#### [Data]
= = =

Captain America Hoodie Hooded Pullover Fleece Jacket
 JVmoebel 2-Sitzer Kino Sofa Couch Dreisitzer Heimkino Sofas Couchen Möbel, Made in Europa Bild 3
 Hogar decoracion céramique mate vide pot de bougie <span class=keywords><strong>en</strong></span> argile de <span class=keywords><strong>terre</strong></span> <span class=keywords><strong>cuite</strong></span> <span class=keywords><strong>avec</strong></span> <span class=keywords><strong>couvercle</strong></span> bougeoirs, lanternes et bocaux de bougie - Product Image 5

= = =

#### [Instructions for the task]
Write the opening line of the data above and every line after it, exactly, stopping once you have written the line with "JVmoebel 2-Sitzer Kino".

#### [Answer box]
Captain America Hoodie Hooded Pullover Fleece Jacket
 JVmoebel 2-Sitzer Kino Sofa Couch Dreisitzer Heimkino Sofas Couchen Möbel, Made in Europa Bild 3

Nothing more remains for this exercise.